Esto significa que la mujer objeto de su amor y sus pesares, algunas veces era también su pupila. Seducidas y echadas a la mala vida.

El decir del cafiolo, compadrito, guapo, bailarín, pasa de hablar en primera persona, con Villoldo, Manco, García Lalanne, Gobbi y otros, para hacerlo en tercera con Pascual Contursi y referir en sus versos, su cambio de ámbito de actuación, desde las casitas, trinquetes, de los arrabales, cuartos contiguos a los cuarteles, peringundines y academias, pasa a los patios de los conventillos y luego a los salones.

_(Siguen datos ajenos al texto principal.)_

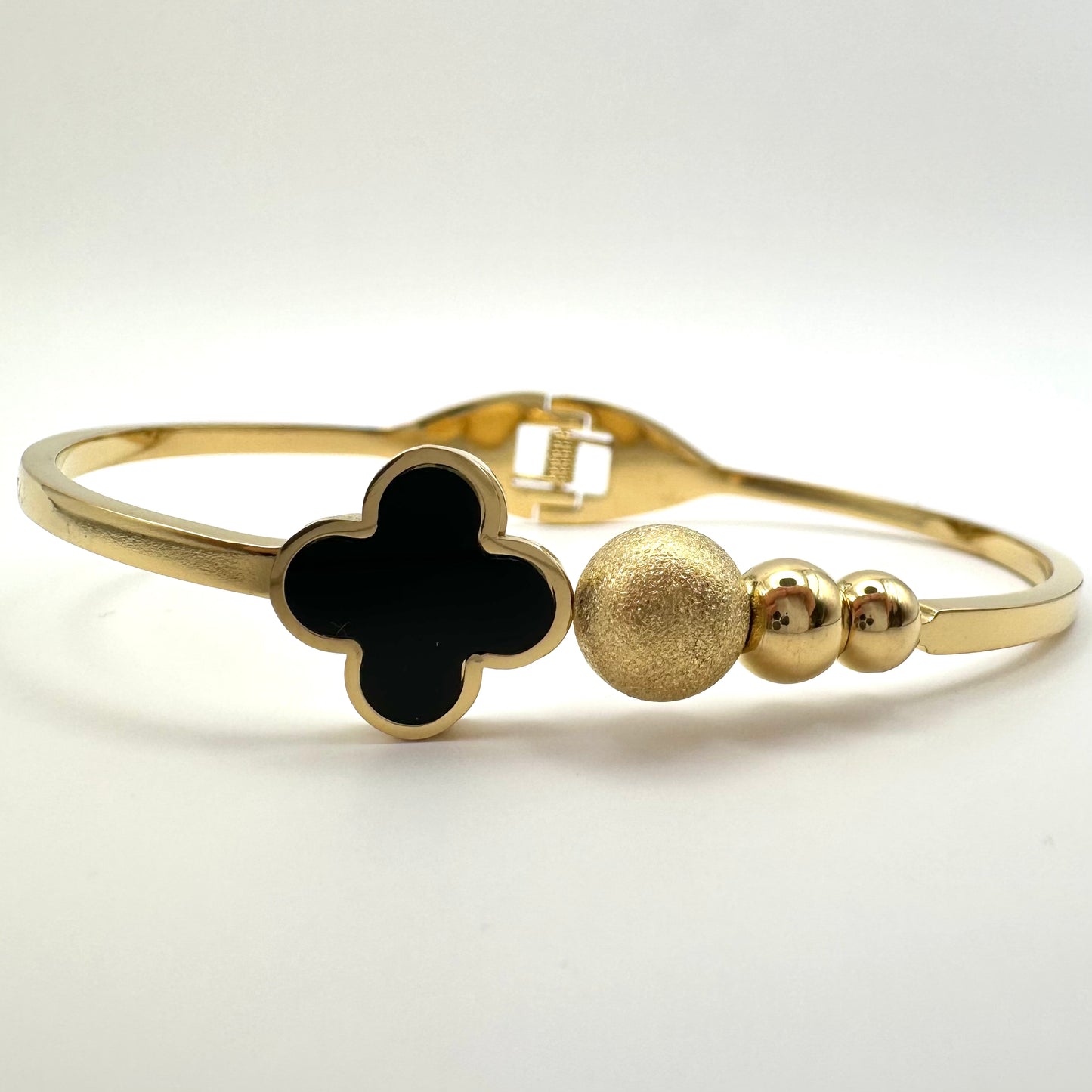 Exklusiver Armreif mit Kleeblatt-Motiv und Goldperlen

En El Taita, (de 1907, de Silverio Manco, según confirma el autor en "Echále Bufach al catre") con música de Alfredo E. Gobbi, el pretendido fiolo, sempiterno solo:

Se llama Elvira, la paica mía 
y día a día, da lindo "espor", 
y yo me paso, "calaveriando" 
y desechando, mi sinsabor. 

En el 1910, Angel G. Villoldo en "Cuerpo de alambre",

Es mi china la más pierna
pa’l tango criollo con corte, 
su cadera es un resorte 
y cuando baila, un motor. 
Hay que verla cuando marca 
el cuatro o la media luna 
con qué lujo lo hace: ¡ahijuna¡... 
Es una hembra e’ mi flor. 

Pascual Contursi, en "Mi noche triste", del pianista Samuel Castriota, evoca a la mujer, madre sustituta y como un desahogo lírico le dice:

Cuando voy a mi cotorro 
y lo veo desarreglado
todo triste abandonado
me dan ganas de llorar.

Siempre traigo bizcochitos 
pa’ tomar con matecitos 
como si estuvieras vos...

Ya no hay en el bulín 
aquellos lindos frasquitos
adornados con moñitos...

A la amante, le dirige en su rencor su proclama de rufián:

Percanta que me amuraste
en lo mejor de mi vida,
dejándome el alma herida
y espinas en el corazón, 
sabiendo que te quería, 
que vos eras mi alegría 
y mi sueño abrazador,
para mi ya no hay consuelo 
y por eso me encurdelo 
pa’ olvidarme de tu amor. 

Y si vieras la catrera 
cómo se pone cabrera 
cuando no nos ve a los dos. 

Contursi, en Flor de fango, de Augusto Gentile, continúa:

Justo a los catorce abriles
te entregaste a las farras,
la delicia del "gotán", 
te gustaban las alhajas, 
los vestidos a la moda 
y las farras con champán.

Fuiste papusa del fango 
y las delicias del tango 
te espiantaron del bulín, 
los amigos te engrupieron
y ellos mismos te perdieron 
noche a noche en el festín. 

Es que la mujer para ascender socialmente y ser, tenía muy pocos caminos. Convertirse en esposa de, estudiar si podía, magisterio o música, con escasas posibilidades de ejercer su rol. (Algo que podemos rastrear si miramos las dificultades que sobrellevaron las primeras profesionales de salud, Cecilia Grierson, Elvira Rawson de Dellepiane, Julieta Lanteri, Alicia M. de Justo y otras). Si carecía de medios para esto, quedaban las fábricas, muy escasas. El resto era limpiar, lavar, cocinar en casas de familia ajenas o en la propia.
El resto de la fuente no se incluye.